Le magistrat de la Cour du Québec venait d’apprendre qu’une prison de Winnipeg n’avait pas respecté « l’ordre » signé par sa collègue de la Cour supérieure du Québec de faire amener au Québec le détenu Haroun Cheikh Sidiya.

« On repart à la case zéro », a lâché le juge Mascia.

L’homme de 32 ans originaire de Winnipeg a été reconnu coupable, en septembre dernier à Montréal, d’avoir agressé sexuellement une femme en état d’ébriété dans les résidences de l’Université du Québec à Montréal (UQAM) en 2018.

Haroun Cheikh Sidiya s’était fait passer pour un bon Samaritain afin de raccompagner dans sa chambre la victime, croisée dans le corridor pendant la nuit. Il en avait profité pour agresser sexuellement la femme dans la cage d’escalier. À son procès, l’homme mesurant plus de 6 pieds avait prétendu s’être senti « vulnérable » devant cette femme pourtant beaucoup plus petite que lui.

En principe, les audiences pour déterminer la peine doivent se dérouler rapidement après le jugement afin que la peine soit imposée quelques semaines plus tard. Or, neuf mois plus tard, l’audience de Haroun Cheikh Sidiya n’a toujours pas eu lieu. Et comme il se défend seul, sa présence est requise au palais de justice de Montréal.

Mais, et c’est là que le bât blesse, Haroun Cheikh Sidiya est détenu depuis plusieurs mois à Winnipeg pour ne pas avoir respecté ses conditions de remise en liberté dans un autre dossier d’agression sexuelle et de contact sexuel sur une mineure.

Depuis, il semble impossible de même lui permettre d’assister à l’audience par visioconférence. Pourquoi ? En raison d’une bête barrière technologique. En effet, les prisons du Manitoba utilisent la plateforme Cisco, et non Microsoft Teams, comme au Québec.
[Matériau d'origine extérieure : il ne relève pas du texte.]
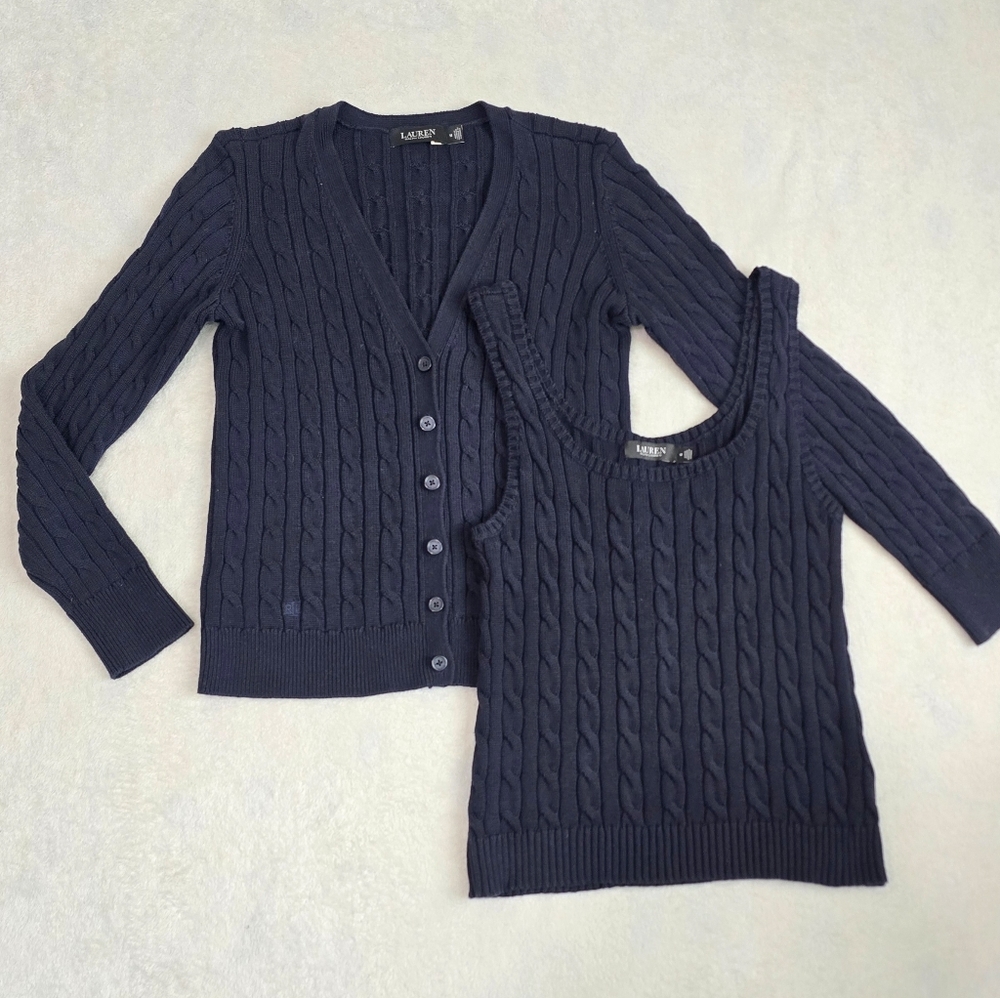 Ralph Lauren Black Label Navy Cable Knit Sweater Tank & Cardigan Set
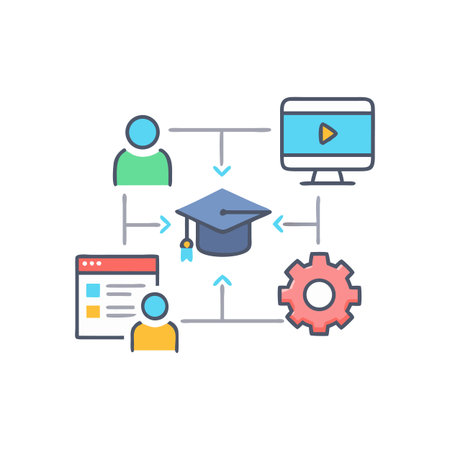Educational process infographic with graduation cap and interconnected iconsのイラスト素材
« J’ai fait plusieurs démarches pour que Monsieur soit par visio et ce n’était pas possible. Les trois dernières fois, on a eu Monsieur au téléphone », a exposé la procureure de la Couronne MAnna Levin.

À court de solutions

Déplacer cet homme dans une prison québécoise semble de surcroît un défi titanesque. Même une ordonnance signée par une juge de la Cour supérieure du Québec ne semble avoir aucun effet au Manitoba.

Le directeur des transports de comparution au palais de justice de Montréal, François Lorange, a expliqué jeudi au juge Mascia que les services correctionnels québécois n’étaient pas habilités à effectuer des transports à l’extérieur du Québec, sauf dans les prisons ontariennes.

Selon M. Lorange, pour faire le transfert jusqu’au Québec, il faudrait que la police locale du Manitoba transporte Haroun Cheikh Sidiya jusqu’à une prison ontarienne, où il pourrait aller le chercher. Toutefois, pour l’incarcérer en Ontario pendant le transfert, il faudrait… un mandat signé par un juge ontarien.

« Va falloir qu’on communique avec le directeur de la prison pour lui demander de prendre son auto et [d’amener] Monsieur en Ontario dans une prison », s’est interrogée la procureure MLevin, perplexe.

Si l’homme avait été détenu dans un pénitencier – donc de compétence fédérale –, le processus serait plus facile, puisqu’il aurait pu être transféré de pénitencier en pénitencier jusqu’au Québec, a expliqué François Lorange.

« Je ne sais pas c’est quoi la solution », a lâché le juge Mascia.

À court de solutions, le juge a suggéré à la procureure de retourner en Cour supérieure pour obtenir un nouvel ordre d’amener. MLevin doit également tenter de communiquer avec la direction de la prison de Winnipeg pour tirer les choses au clair.

« Je vais tenter de les appeler, au Brandon Correctionnal Center. Peut-être qu’ils vont se grouiller », a conclu le juge, excédé.

Pendant ce temps, la victime de Haroun Cheikh Sidiya attend depuis des années la conclusion de cette affaire qui s’est amorcée en 2018. « Tout ça est vraiment fâcheux pour la victime », reconnaît MLevin, en entrevue avec La Presse.

Le dossier doit retourner devant le magistrat vendredi.